Friday, July 5, 2013

On getting what I want

On Tuesday morning, Amelia Jane Hope - Amy to her nearest and dearest - made her debut.

She is adorable and adored

Her Birth day was unusual for us in that it took place at the hospital. The first baby in almost nine years that I had at the hospital.  It was quite a contrast to our last birth, which was attended by two midwives who I have known for years who prayed and sang worship songs with me as Kaylee was born.  My beautiful midwife who has caught 5/6 of my other babies was at home still recovering from a back injury that kept her bedridden for over a month.  We had decided to have Amy at the hospital because the doctors had recommended it after she had turned breech for a time.  I would have been happy to have her outside the hospital personally as I trust myself and my midwives to assess position etc. but we chose to comply for a number of different reasons.

I look back on the prayer I prayed for Amy's birth months ago in my journal and I have to laugh as almost none of the specifics on my "wishlist" happened.  I had gone ahead of Jon in an ambulance as things were moving pretty quick and we live 45 minutes away.  What ensued was almost comical in nature.  Instead of one of the dozen or so midwives who work at the hospital who I get on really well with, I was assigned a midwife who was a complete mismatch personality wise.  It was far from the peaceful birth, in front of my fire at home with my beloved midwives while my children slept peacefully in the next room that I had prayed for.  Amy's birth was a crowded affair attended largely by people I had never met before - a few of whom I don't care to really meet again - in a bright hospital bathroom with an unnecessary cannula hanging out of my hand.  The most challenging moments of my labour physically were accompanied by people trying to make me do paperwork and repeatedly questioning my choices and decisions and insisting that I lie down on narrow beds for monitoring and prodding.  In their defence, perhaps I didn't look uncomfortable enough for them to believe my assertion that I was in the middle of transition - I do have insanely easy labours but it was still a challenge.

So what happened?  Didn't God hear me?  Am I angry at him because I didn't get what I wanted?


He heard me.

He answered me.

He heard the bit where I prayed "if there is a plan that glorifies You more Lord, I want to glorify You."

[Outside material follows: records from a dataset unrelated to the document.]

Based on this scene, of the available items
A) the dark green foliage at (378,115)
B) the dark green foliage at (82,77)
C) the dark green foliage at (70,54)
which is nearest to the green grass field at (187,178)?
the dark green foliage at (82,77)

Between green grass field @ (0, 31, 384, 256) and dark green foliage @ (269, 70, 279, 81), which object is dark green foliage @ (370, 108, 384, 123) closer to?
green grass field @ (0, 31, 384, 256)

And He took me at my word.

The bits that really mattered He totally came through on.  Ridiculously healthy baby, fantastically good birth, easy recovery, and I was home for dinner.  Home for dinner matters when the last time you had a baby, it took you two months to get home.

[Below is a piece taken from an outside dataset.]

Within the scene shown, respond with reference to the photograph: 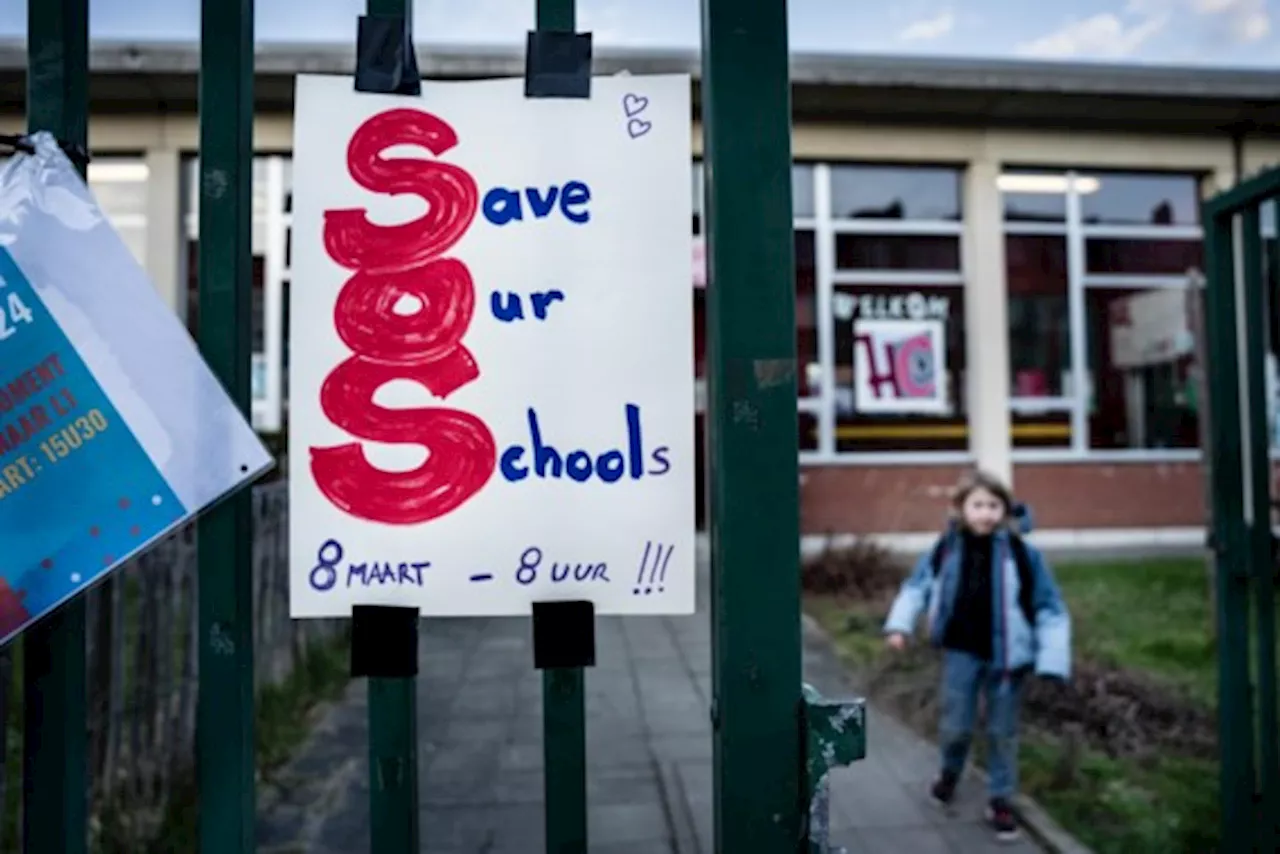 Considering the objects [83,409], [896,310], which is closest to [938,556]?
[83,409]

Lots and lots of good stuff happened too. Jon got there in time, we called in one of our independent midwives who showed up just in time to catch Amy, we got a really good room, one of my favourite hospital midwives came on shift and I was able to visit with her.  While frustrated and incredulous at some things, I felt loved, treasured and blessed beyond belief.  And we have Amy.

I don't know how this all glorified Him more than my personal wishlist.  But the thing is, I honestly don't care.  I just know that God does and that's good enough for me.  The particulars may not have been of my choosing, but I am utterly, undeniably, blessed.